2012年07月12日

「天に代わる」権利

 時代劇などで、よく「天に代わって」などと言って「悪人」を斬殺する主人公がいます。ここでの「天」は「天網恢恢疎にして漏らさず」の天、すなわち「神」を意味しているようです。したがって、彼らの決め台詞は「神に代わって悪人を殺す」という意味になります。
 実際、主人公に殺される悪人は、殺人をはじめ、様々な悪事を、凶悪な台詞をいいながら行います。したがって、視ている人も、「主人公による『裁き』は当然だ」と思う人がほとんどなわけです。
 しかし、よくよく考えてみると、この人は「自分は神(=絶対的な審判者)になりかわる権利がある」と自分で勝手に決めているわけです。

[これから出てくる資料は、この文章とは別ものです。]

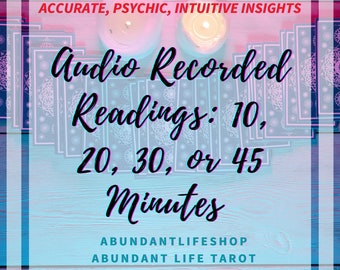 Audio Recorded Reading | NEXT DAY Reading | Fast Tarot and Oracle Reading | Choose Length of Time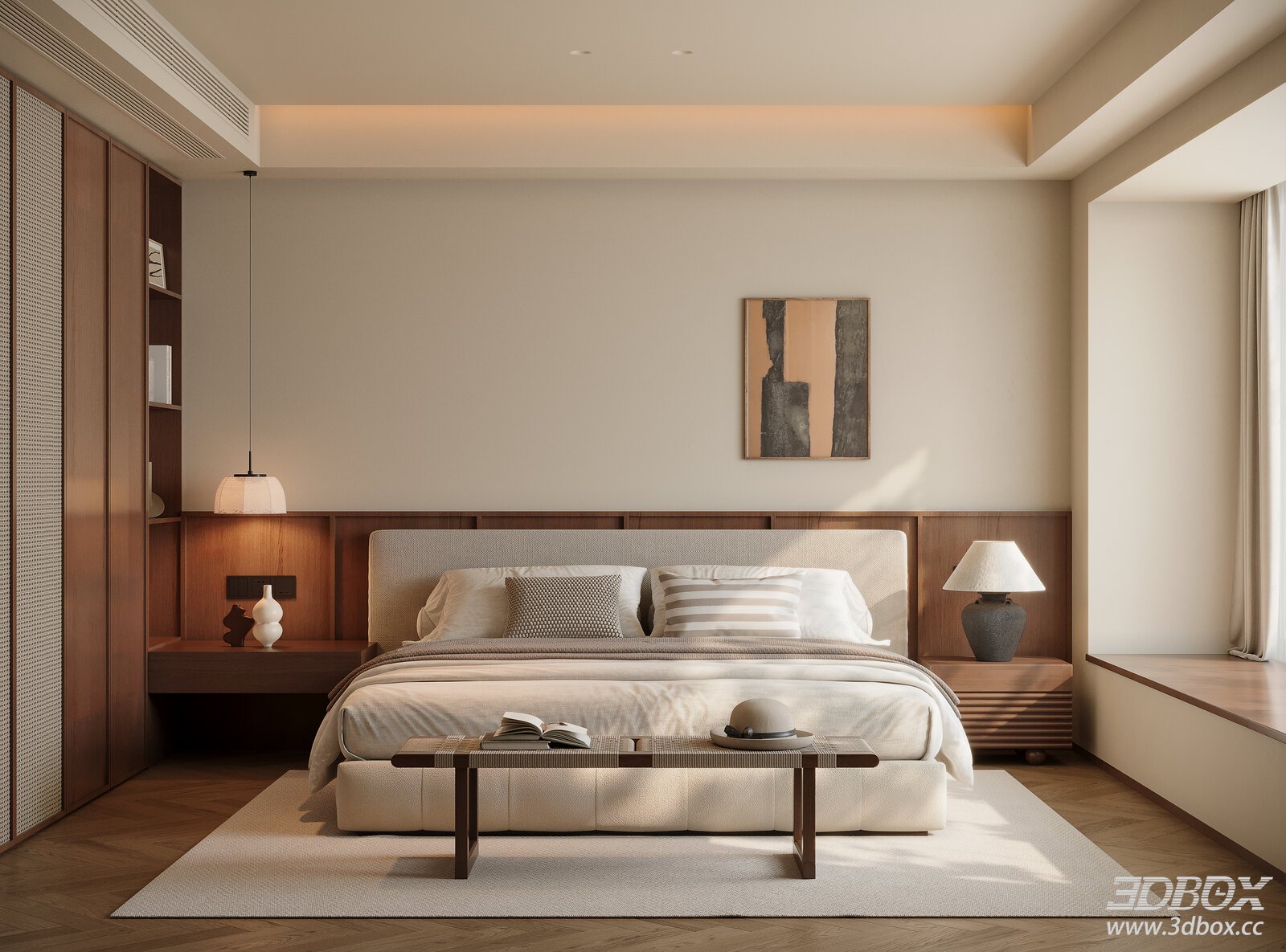 Modern Vintage Cream Tone Bedroom Interior Scene 3D model - front view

 現実世界において、そのような事を自ら決めている人は、ろくな事をしません。17年前に都心でテロを起こした宗教団体なども、自分たちの行動は「神」の意思によって行った、と思っていたわけです。
 なにしろ、自分が絶対者だと思いこんだ以上、どんな事でも、自分の感情でできてしまうわけです。
 そのような事を考えながら、改めて、「天に代わって」などと言って「悪人」を斬り殺すような輩を「正義の人」みたいに描く、というのは異常なことだよな、と思いました。